Les erreurs les plus fréquentes quand on les achète ou qu’on les sert
Je vois revenir les mêmes faux pas, et ils sont faciles à éviter. Le premier consiste à traiter la burrata comme une mozzarella ordinaire et à la laisser trop longtemps en cuisson. Le second est de choisir une mozzarella trop aqueuse pour une pizza, puis de s’étonner d’une pâte détrempée.
- Cuire la burrata trop longtemps : son intérêt est dans le contraste, pas dans la chaleur prolongée. Ajoutez-la après cuisson ou juste à la sortie du four.
- Servir la burrata glacée : sortez-la du réfrigérateur 10 à 15 minutes avant de la déguster pour qu’elle s’exprime mieux.
- Confondre mozzarella di bufala et burrata : la première n’a pas de cœur crémeux; la seconde repose précisément sur cette garniture.
- Ne pas égoutter la mozzarella : en salade, un excès de liquide dilue l’assaisonnement et affadit la tomate.
- Trop saler la burrata : elle supporte mal une agressivité excessive, surtout avec des produits déjà sapides comme le jambon cru ou les tomates très mûres.
Mon conseil le plus simple reste le suivant: si vous hésitez, demandez-vous si votre plat a besoin de tenue ou de crémeux.

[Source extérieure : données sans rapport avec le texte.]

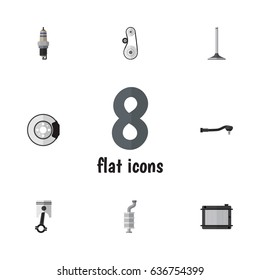 Flat Auto Set Of Cambelt, Heater, Input Technology And Other Vector Objects. Also Includes Car, Belt, Heater Elements.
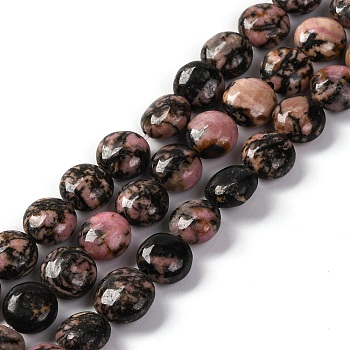 Natural Rhodonite Beads Strands, Flat Round, 7.5~8x4.5~5mm, Hole: 1.2mm, about 50~51pcsrand, 14.57~15.35 inch(37~39cm)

Si la réponse est “tenue”, partez sur la mozzarella; si la réponse est “fondant et générosité”, la burrata sera plus juste. Ce raisonnement vaut particulièrement quand on cuisine avec des produits de saison, ce qui nous ramène à une façon plus concrète de trancher.
Le choix que je ferais pour une table simple et locale
Dans une cuisine de terroir, je privilégie toujours le produit qui respecte le reste de l’assiette. Avec des tomates bien mûres, un pain de campagne, quelques herbes et un filet d’huile de noix, la burrata apporte un supplément de gourmandise que la mozzarella n’a pas vocation à donner. Avec des légumes rôtis, une pizza maison ou un plat gratiné, la mozzarella reste plus fiable et plus lisible.
Si je devais garder une règle unique, ce serait celle-ci: mozzarella pour la cuisson, burrata pour la finition. C’est simple, mais cela évite presque toutes les déceptions. Et dans une assiette inspirée par les produits frais du Dauphiné, cette logique fonctionne particulièrement bien: un fromage juste choisi, un bon produit de saison, et rien d’autre à forcer.